Treatment of glioblastoma multiforme is at a crossroads. Promising new molecularly-targeted agents have failed to show any significant clinical benefit. Treatment is particularly challenging since the tumor resides in a tissue that is considered to be a pharmacological and immunological sanctuary due to the presence of the blood-brain barrier. Protective mechanisms at the blood-brain barrier (BBB), such as the endothelial tight junctions and drug efflux transporters, restrict the passage of most large and small molecules into the brain. Limited drug delivery to the tumor is a plausible explanation for the failure of molecularly-targeted therapy in glioma. If therapeutic agents do not reach their target, regardless of their potency, they cannot be effective. The objective of this work was to show that active efflux transporters at BBB restrict delivery of potent molecularly-targeted agents to their targets. More importantly, the aim was to demonstrate that the targets in question are in invasive tumor cells that are left behind after surgery and remain shielded behind an intact blood-brain barrier. The ultimate goal of this endeavor is to improve delivery of molecularly-targeted therapy to the tumor and show that this can translate to enhanced efficacy against this lethal disease.

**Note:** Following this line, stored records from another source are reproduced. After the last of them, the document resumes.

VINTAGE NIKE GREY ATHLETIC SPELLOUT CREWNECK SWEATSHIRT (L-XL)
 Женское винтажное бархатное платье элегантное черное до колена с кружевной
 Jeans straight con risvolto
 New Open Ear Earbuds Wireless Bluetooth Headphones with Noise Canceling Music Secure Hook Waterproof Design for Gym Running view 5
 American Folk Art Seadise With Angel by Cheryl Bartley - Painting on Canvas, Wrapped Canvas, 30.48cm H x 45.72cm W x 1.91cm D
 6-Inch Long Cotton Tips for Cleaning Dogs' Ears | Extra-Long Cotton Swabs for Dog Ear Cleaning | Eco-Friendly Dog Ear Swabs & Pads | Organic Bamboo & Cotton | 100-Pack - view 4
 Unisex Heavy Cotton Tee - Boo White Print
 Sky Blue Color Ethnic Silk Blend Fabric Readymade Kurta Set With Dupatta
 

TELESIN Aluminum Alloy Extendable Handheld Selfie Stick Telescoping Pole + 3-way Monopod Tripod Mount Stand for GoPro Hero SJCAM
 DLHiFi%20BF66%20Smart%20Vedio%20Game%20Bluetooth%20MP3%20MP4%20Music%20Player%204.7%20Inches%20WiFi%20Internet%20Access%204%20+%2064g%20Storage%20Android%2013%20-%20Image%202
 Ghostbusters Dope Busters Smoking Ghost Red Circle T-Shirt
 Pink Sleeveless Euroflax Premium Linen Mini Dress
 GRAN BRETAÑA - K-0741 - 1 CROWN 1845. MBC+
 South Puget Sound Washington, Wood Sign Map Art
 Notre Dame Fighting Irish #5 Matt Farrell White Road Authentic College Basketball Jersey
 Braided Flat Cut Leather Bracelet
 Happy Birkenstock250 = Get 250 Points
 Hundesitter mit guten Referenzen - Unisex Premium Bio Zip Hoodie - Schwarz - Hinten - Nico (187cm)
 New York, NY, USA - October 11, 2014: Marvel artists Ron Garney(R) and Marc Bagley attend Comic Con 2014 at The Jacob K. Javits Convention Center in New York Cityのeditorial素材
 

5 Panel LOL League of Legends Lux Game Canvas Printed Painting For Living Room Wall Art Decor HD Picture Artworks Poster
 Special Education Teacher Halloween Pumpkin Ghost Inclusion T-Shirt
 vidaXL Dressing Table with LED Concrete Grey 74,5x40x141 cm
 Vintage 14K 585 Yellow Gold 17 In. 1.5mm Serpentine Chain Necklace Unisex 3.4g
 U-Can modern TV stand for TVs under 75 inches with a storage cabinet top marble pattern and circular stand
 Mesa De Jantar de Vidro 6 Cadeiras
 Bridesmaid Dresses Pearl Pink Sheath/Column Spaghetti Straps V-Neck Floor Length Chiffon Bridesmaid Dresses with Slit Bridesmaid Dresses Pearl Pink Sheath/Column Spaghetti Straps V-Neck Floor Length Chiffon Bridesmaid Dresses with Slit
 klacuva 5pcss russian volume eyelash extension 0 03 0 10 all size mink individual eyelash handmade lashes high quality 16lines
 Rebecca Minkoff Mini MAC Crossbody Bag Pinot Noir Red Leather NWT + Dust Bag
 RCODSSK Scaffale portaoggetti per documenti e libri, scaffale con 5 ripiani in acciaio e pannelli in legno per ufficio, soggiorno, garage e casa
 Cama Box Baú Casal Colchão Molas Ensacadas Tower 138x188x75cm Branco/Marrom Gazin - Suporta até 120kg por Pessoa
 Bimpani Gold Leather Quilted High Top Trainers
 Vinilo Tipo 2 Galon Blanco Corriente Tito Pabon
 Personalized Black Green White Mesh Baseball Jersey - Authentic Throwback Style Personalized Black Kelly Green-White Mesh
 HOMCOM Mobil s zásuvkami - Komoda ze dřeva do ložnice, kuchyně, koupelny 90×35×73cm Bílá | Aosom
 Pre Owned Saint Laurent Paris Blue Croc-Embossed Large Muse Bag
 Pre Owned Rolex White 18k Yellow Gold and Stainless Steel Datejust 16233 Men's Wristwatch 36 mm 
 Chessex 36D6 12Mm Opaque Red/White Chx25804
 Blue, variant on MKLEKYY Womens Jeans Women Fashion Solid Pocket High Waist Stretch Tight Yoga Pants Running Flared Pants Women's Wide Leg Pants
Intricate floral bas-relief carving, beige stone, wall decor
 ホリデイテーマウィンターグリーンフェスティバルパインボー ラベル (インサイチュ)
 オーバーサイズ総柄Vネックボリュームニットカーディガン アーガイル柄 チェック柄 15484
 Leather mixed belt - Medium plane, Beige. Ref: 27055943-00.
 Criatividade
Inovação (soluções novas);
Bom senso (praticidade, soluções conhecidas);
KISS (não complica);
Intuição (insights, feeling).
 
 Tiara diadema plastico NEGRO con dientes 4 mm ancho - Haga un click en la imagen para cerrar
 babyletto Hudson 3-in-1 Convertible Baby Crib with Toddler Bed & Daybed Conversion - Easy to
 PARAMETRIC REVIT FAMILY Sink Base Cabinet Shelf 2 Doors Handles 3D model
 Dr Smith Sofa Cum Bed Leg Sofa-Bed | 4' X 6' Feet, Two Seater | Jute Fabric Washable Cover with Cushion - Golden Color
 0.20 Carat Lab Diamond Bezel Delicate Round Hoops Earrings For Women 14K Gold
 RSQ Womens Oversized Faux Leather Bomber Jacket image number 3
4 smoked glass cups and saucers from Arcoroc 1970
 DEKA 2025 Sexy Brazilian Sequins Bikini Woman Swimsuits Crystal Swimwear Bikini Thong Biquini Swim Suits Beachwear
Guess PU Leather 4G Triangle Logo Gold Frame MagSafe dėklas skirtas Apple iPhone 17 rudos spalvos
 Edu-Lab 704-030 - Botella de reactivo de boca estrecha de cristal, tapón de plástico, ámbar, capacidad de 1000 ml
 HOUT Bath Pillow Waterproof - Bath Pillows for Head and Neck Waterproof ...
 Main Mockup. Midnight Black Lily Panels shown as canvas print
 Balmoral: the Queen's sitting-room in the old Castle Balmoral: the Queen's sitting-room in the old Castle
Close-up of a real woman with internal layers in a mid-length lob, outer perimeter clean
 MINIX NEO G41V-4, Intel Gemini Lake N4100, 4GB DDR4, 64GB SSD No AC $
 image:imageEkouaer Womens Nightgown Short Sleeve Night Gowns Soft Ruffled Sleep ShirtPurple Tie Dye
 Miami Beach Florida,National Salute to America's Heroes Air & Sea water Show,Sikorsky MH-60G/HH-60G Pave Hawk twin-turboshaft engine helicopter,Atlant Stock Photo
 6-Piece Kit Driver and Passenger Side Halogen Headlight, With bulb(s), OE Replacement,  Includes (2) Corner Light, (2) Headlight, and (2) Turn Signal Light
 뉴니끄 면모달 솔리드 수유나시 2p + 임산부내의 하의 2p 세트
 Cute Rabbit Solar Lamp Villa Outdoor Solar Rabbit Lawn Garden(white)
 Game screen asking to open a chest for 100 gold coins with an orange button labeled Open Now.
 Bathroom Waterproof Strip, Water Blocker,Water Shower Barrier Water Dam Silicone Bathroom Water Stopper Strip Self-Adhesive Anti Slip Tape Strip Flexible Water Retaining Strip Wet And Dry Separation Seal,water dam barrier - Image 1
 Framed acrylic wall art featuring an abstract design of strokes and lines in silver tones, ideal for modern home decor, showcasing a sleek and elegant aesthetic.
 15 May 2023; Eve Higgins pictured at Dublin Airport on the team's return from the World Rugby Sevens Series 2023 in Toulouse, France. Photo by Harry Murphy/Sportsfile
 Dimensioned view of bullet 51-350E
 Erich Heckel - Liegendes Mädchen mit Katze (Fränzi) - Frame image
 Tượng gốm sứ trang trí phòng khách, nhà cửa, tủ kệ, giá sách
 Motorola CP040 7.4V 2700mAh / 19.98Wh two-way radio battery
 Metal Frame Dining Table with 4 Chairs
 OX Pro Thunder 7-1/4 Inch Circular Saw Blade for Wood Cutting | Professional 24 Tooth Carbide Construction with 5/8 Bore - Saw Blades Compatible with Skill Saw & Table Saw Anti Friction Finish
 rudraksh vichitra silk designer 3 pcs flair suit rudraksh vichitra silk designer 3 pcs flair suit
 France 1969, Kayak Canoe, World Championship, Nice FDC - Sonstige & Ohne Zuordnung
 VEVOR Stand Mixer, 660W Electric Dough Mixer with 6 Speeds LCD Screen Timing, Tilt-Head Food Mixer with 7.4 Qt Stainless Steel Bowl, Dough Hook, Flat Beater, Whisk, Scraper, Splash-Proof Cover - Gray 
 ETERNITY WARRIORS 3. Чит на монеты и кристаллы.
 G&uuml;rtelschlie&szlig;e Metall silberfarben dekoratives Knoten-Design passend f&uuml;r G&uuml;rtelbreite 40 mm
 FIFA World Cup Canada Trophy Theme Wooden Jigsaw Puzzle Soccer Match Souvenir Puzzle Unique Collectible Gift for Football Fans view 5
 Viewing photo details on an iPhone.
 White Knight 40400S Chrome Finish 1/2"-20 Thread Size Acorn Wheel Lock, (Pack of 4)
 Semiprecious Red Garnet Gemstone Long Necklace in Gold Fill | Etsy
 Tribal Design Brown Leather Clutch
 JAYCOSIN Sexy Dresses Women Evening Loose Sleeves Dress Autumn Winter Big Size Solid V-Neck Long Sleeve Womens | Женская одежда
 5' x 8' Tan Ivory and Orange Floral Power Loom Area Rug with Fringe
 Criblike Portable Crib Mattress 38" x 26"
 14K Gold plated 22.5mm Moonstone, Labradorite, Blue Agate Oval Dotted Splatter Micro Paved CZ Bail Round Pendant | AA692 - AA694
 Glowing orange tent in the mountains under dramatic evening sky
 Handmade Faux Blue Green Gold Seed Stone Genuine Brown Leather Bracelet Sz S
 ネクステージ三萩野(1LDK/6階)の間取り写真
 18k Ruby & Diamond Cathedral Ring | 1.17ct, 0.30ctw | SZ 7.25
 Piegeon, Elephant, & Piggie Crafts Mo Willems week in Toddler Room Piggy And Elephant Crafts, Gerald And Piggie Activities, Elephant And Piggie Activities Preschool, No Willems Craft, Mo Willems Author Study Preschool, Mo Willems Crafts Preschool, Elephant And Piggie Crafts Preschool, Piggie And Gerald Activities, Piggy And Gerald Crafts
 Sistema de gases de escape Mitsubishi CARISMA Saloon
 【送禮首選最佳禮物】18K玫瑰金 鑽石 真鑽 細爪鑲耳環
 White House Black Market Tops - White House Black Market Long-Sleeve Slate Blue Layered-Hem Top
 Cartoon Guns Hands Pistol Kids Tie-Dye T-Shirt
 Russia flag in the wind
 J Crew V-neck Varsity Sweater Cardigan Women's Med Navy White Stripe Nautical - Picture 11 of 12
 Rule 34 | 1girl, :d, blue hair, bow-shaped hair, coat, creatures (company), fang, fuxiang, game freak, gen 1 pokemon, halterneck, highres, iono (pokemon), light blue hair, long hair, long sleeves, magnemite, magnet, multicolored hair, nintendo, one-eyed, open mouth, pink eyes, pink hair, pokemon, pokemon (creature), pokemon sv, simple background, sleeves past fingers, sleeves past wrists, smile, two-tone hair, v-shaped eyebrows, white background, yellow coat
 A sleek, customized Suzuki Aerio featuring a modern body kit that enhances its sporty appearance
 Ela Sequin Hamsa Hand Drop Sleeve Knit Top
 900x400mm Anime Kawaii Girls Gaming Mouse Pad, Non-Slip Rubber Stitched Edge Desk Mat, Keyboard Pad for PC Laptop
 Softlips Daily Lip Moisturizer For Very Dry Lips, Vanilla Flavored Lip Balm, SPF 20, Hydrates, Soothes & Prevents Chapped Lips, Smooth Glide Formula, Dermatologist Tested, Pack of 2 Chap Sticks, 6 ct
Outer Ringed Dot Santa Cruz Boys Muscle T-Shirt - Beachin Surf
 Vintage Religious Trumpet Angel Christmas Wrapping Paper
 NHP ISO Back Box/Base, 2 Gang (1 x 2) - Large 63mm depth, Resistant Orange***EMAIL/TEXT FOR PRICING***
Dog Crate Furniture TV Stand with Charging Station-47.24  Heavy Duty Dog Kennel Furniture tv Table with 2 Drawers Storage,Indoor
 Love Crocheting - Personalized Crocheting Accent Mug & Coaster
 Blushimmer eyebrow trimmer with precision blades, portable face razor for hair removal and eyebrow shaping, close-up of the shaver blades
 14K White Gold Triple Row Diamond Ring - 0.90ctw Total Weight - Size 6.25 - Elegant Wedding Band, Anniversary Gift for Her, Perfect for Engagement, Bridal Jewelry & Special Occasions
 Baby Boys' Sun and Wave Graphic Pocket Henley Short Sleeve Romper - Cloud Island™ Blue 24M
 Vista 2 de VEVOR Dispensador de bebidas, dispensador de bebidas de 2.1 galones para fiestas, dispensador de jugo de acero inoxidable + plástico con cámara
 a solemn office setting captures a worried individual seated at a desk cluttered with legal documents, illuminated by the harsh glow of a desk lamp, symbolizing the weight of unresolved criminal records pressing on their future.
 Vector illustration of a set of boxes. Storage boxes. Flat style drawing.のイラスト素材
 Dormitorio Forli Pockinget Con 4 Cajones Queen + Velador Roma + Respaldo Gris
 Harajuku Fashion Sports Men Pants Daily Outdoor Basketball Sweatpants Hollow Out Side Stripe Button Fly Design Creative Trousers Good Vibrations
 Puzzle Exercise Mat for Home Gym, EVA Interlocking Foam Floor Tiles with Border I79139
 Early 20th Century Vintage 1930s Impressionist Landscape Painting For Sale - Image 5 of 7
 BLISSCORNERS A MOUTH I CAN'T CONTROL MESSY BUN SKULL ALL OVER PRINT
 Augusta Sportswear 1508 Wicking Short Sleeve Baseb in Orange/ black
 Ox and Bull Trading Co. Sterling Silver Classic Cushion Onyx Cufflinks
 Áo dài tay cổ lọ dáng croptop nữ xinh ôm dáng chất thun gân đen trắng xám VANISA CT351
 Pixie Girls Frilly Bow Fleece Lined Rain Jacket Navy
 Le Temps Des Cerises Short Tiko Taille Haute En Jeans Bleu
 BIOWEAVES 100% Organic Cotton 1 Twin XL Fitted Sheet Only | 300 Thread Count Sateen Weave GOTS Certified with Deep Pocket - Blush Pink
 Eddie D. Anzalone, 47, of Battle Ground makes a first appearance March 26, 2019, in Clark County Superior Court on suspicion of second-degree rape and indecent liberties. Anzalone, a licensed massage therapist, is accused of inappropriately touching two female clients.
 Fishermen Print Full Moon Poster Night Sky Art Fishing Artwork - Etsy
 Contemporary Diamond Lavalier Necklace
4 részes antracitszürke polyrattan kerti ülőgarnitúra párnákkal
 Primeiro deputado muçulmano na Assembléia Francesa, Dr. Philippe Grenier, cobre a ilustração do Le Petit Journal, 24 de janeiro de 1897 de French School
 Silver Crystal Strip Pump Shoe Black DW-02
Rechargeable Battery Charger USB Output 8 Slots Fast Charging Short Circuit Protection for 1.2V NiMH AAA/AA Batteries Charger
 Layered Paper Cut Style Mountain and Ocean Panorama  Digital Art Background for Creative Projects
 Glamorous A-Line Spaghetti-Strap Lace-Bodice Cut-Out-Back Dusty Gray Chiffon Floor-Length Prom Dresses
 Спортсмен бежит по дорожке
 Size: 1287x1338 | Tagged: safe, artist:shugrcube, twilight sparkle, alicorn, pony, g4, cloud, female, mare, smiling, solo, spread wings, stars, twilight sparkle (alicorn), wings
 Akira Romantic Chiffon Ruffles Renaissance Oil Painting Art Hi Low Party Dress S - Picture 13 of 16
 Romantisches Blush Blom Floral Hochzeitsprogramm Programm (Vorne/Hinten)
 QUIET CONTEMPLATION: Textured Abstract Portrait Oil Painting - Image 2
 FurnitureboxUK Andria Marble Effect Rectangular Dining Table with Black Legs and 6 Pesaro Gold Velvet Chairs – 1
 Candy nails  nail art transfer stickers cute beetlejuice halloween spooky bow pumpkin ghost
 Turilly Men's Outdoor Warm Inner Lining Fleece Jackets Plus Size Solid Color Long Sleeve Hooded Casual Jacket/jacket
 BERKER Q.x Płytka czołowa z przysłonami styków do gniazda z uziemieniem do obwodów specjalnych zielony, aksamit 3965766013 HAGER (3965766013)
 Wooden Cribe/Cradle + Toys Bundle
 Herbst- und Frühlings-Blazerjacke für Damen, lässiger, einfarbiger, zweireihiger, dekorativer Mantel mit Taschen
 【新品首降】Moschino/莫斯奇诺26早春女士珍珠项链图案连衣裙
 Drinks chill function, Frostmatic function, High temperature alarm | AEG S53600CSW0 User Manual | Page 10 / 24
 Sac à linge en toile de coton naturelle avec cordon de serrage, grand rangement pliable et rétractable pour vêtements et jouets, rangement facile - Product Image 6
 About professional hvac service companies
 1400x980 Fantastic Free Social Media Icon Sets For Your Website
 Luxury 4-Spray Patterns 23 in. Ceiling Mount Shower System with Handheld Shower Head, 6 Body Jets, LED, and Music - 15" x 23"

We show that brain distribution of the tyrosine kinase inhibitors, gefitinib, erlotinib and sorafenib, is restricted due to active efflux mediated by p-glycoprotein (P-gp) and the breast cancer resistance protein (BCRP). We further demonstrate that delivery of these drugs to the brain increases dramatically when the two transporters are genetically absent or pharmacologically inhibited. Using a rat xenograft model and a spontaneous mouse model of glioma, we show that the BBB is heterogeneously disrupted in the brain. The blood-brain barrier is disrupted in the tumor core resulting in high tumoral concentrations of erlotinib and dasatinib. However, it is intact in areas immediately adjacent to the tumor, and therefore restricts drug delivery to these sites. Thus, clinical assessment of drug delivery when using drug concentrations in tumor core (the resected tissue) as a guide for the adequacy of drug delivery can be misleading. Furthermore, we show that increasing drug delivery to these areas, by genetic deletion or pharmacological inhibition of P-gp and BCRP, results in a remarkable enhancement in efficacy of the tyrosine kinase inhibitor, dasatinib. Finally, we show that efficacy of dasatinib increases dramatically in tumor bearing transgenic mice, that are deficient in P-gp and BCRP, and consequently, these mice survive for a significantly longer time compared to the wild-type mice.
These observations underline that restricted delivery of molecularly-targeted agents to their targets can be a significant determinant of drug efficacy against glioma. In an invasive tumor, such as glioblastoma, it is important to realize that the target resides within the invasive glioma cells, that remain shielded by an intact blood-brain barrier, and evade chemotherapy. Overall, this work highlights the need to develop strategies to improve drug delivery to the invasive tumor in glioma and translate these strategies to the clinic.